What [Warcraft] does is provide an incentive for people to develop new software and ideas for collaborative production. Many of those ideas will translate to other group activities, including those within the business world. I think MMOGs will be, at a minimum, a significant testbed for these new technologies, because users see a direct benefit and are willing to experiment with new things. - Kevin Werbach, President-elect Obama's co-chair his FCC transition team.
A few days ago I asked readers if anyone had heard of people using their World of Warcraft experience on a resume, as a recent conference speaker had claimed. Not patient enough to wait for a reply, I contacted my Wisconsin friend (and first blogger I ever read) John Pederson who is a WoW expert. His reply, posted here with permission, is fascinating:
Last Friday, Obama appointed two folks to serve on the transition team to oversee dealings with the FCC (read: make the Internet awesome). One of them spent a little time playing in the WoW guild <http://gigaom.com/2008/11/18/obamas-fcc-transition-team-co-chair-a-wow-player/%0A> I'm in, though he plays a bit more with a guild that includes many of the Games, Learning, and Society "academic gaming" crew here at UW Madison.
The "put it on your resume" isn't "Snopes", but admittedly is a bit of hand waving on the part of us addicts to justify this habit with our wives and co-workers. I play in a guild made up of about 75 people, "headed" up by Joi Ito, now the leader of Creative Commons. Over time it's been a wickedly interesting lesson in leadership, management, and online community building for me. Joi also uses the guild to learn about leadership and management of online communities.
The day in, day out details of how this works are difficult to describe. Perhaps the best way to think about it is this scenario. One of the big "guild accomplishments" we had was clearing a dungeon called Molten Core about 2 years ago. This involved getting 40 appropriately experienced people (it takes about 400 hours of play to reach this level) coordinated to participate on Friday and Saturday evenings from 7p - 12p across time zones that literally reach around the world. Repeat this task each week for about 6 months. This mix of 40 (which is about 70 when you factor in alternates) includes everybody from construction workers in Australia to high profile software executives in California. Get them to volunteer hundreds of weekend hours with the end goal of smacking around pixels.
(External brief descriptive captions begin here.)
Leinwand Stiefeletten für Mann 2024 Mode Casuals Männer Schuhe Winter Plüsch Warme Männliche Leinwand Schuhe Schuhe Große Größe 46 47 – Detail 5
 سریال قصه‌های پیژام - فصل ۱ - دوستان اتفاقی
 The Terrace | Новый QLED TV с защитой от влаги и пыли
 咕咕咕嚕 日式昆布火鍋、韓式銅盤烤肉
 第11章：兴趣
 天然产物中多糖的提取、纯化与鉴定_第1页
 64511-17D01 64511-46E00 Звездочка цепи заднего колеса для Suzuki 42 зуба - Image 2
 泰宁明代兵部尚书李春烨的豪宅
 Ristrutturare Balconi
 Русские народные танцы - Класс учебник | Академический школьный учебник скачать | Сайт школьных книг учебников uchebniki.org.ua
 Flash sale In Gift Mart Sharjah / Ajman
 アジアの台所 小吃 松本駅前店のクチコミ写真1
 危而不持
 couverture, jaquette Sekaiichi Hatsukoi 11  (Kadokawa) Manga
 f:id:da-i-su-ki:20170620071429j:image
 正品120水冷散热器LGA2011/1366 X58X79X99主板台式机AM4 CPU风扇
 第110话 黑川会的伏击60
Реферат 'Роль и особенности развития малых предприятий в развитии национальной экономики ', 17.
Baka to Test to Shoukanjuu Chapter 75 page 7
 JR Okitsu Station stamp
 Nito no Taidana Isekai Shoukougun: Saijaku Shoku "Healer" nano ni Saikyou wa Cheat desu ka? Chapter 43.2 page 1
Now imagine what sorts of leadership and management qualities it takes to pull this off. Sustain this over a period of three years with people coming and going. It makes what happens at small local community organizations look easy. We are admittedly beating down pixels instead of saving the world...but it's amazing nonetheless. While what I describe above seems a bit hard core, our guild is very much a "social" guild. There are others with specific missions and styles much more intense than what we do.
Top that off with two other numbers. 11 million people playing a game that's just over 3 years old. We are still very much in the infancy of what participating in online worlds (WoW, SL, etc) will be about in the next 10 years. That's the Kool-Aid speaking though.
If somebody can explain that in 3 bullets on a resume, more power to them. The hard part is the other 98% of people read it as "He plays a game."
One of my favorite science fiction books is Card's Ender's Game in which the protagonist is trained as a military leader through a series of real and virtual games. And while this generation of HR managers may well read, "He plays a game" to the kind of experiences John and Ender have undertaken, I'm betting the next generation will look at things quite differently.
And we're banning games in our schools and libraries???
On a personal gaming note, my poor Spore "Bob" is hoping for divine intervention from an Intelligent Design source. He must be pretty frustrated with me.